Task description —
Copy nothing but the lines from the line with "Desire Village Chapter 16 image 136" to the end of the records, retyped exactly. Pictures stay out.

Records to use Start Marker

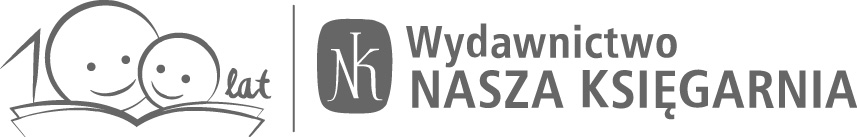 Nasza Ksiegarnia Publishing House-logo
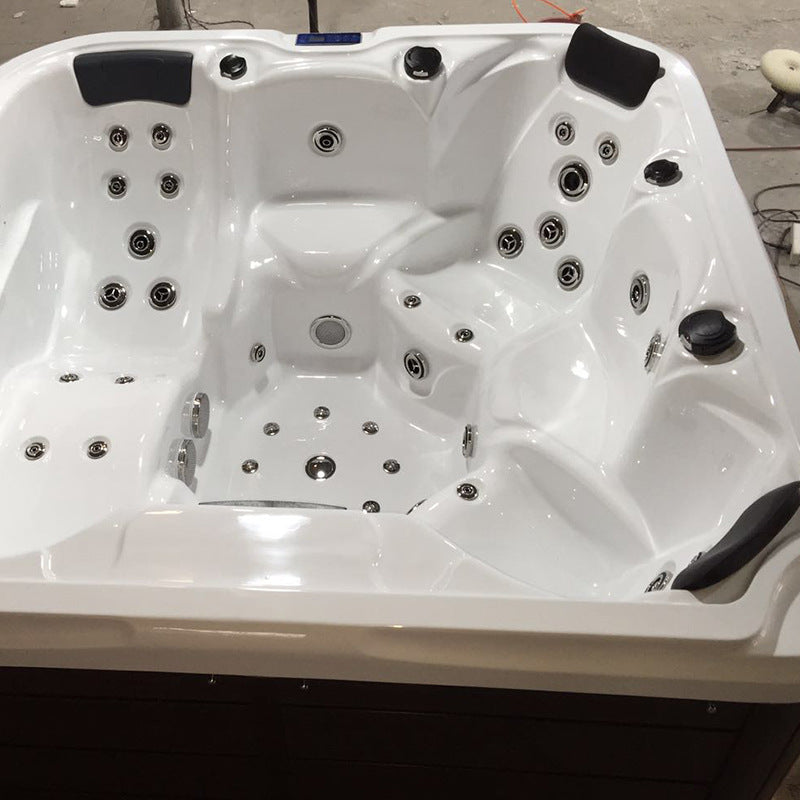 Azure Bay™ Luxury Outdoor Spa Hot Tub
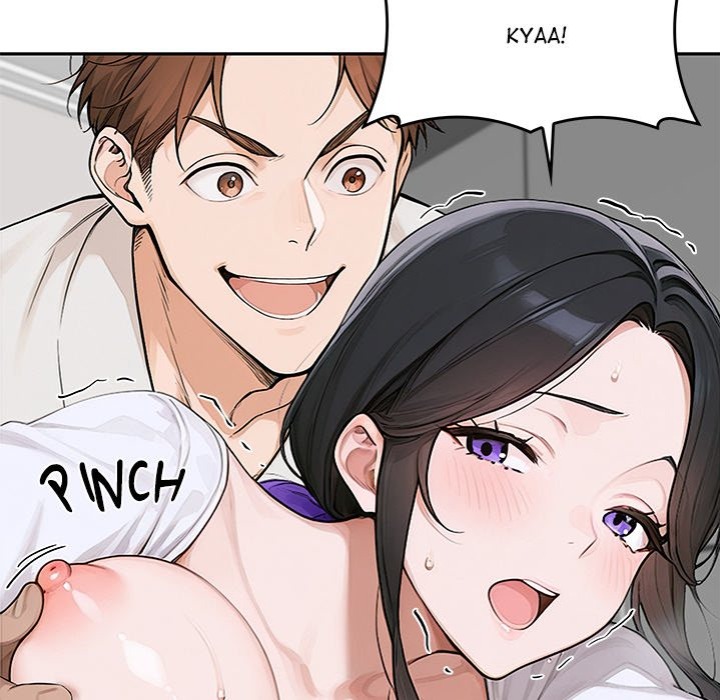 Desire Village Chapter 16 image 136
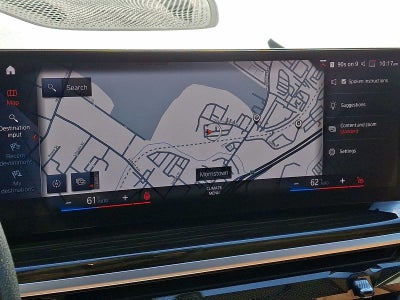 2023 BMW X7 xDrive40i Sports Activity Vehicle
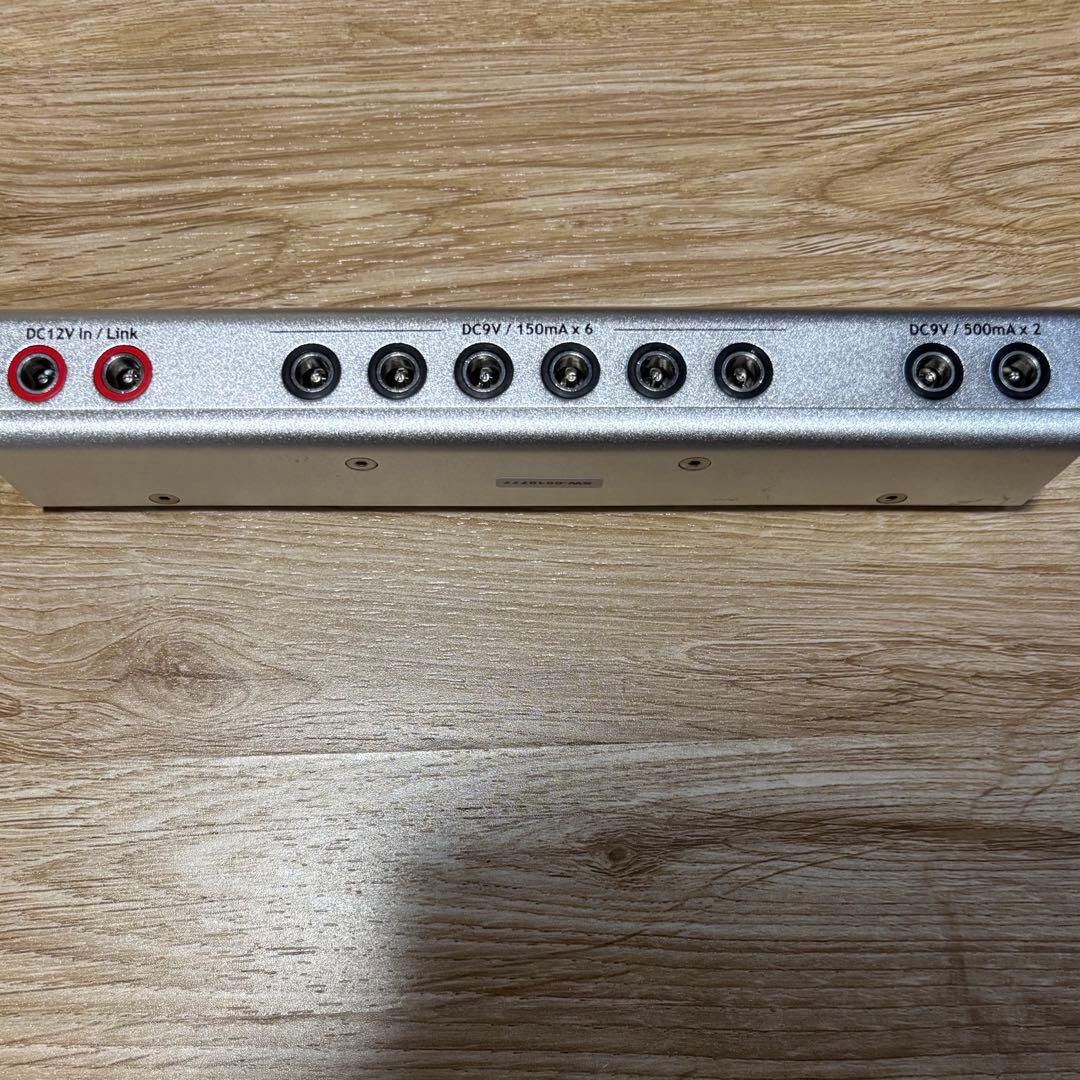 ギター DC-DC Station II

Records to use End Marker

Problem solution —
 Desire Village Chapter 16 image 136
 2023 BMW X7 xDrive40i Sports Activity Vehicle
 ギター DC-DC Station II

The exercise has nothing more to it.